Thursday at the Florida State Fairgrounds, these horses from area mounted patrols practiced for the Super Bowl.
Not as some halftime stunt, but as crowd control for the Feb. 1 event, expected to draw thousands to Channelside and Ybor City for parties, rallies and drinks. The game was a warmup drill during a two-day training session for mounted units from Tampa and Pinellas Park police and Hillsborough, Manatee and Polk sheriff's offices.
It allowed Tampa police Cpl. Mike Morrow to evaluate riders and get the horses used to tight spaces. Other drills included trainers trying to grab and tackle mounted officers who maneuvered their horses into intimidating defensive spins.
The horses also clumped together and marched shoulder to shoulder through a mob of practice rioters, splitting the crowd while smoke bombs boomed and loudspeakers blared crowd noise.
Those weren't easy tasks for horses, who by nature identify with prey rather than predator, Morrow said. But the training sessions — including pushing a football-like blocking sled around — are meant to shape and bend their behaviors until they can break the will of mobs.
Their mere presence can settle unruly crowds because mounted officers say the animals are calm, stoic police ambassadors who don't look as menacing as riot police. But they are more than community relations tools, officers quickly pointed out.

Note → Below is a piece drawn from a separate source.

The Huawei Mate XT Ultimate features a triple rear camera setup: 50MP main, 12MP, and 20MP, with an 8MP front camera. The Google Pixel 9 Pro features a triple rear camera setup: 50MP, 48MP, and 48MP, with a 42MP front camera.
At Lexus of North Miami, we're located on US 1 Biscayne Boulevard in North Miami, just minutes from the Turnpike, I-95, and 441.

Horses cut through traffic jams, push more people aside than 18 men, give officers high vantages and keep law officers safe, because people are less likely to attack a mounted officer than one on foot.
"Size, intimidation, strength," Tampa police Officer Scott Rehbein said of the animals' advantages.

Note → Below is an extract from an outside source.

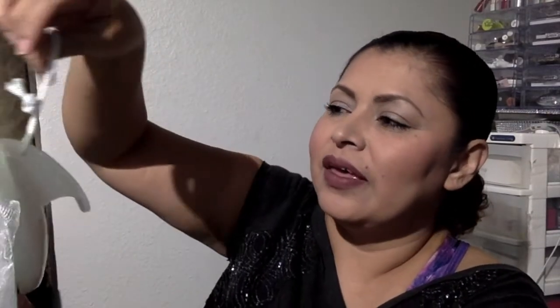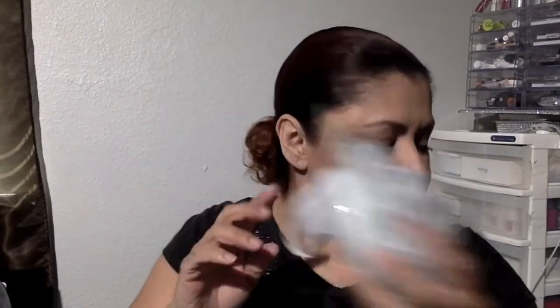I also got this loofah for myself — it has a hook and it has this as well, so I thought this was a very good buy.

The horses also provide a release from the grim realities of patrol and detective work for many mounted officers who also work in other roles.
Tampa police Detective Lisa Bishop, the city's lone domestic violence detective, investigates cruel beatings and family batteries. She has worked for the department for 19 years, including 12 on patrol. A criminal once put a gun to her head and pulled the trigger. It didn't fire.
"Being able to do this takes me away temporarily," Bishop said.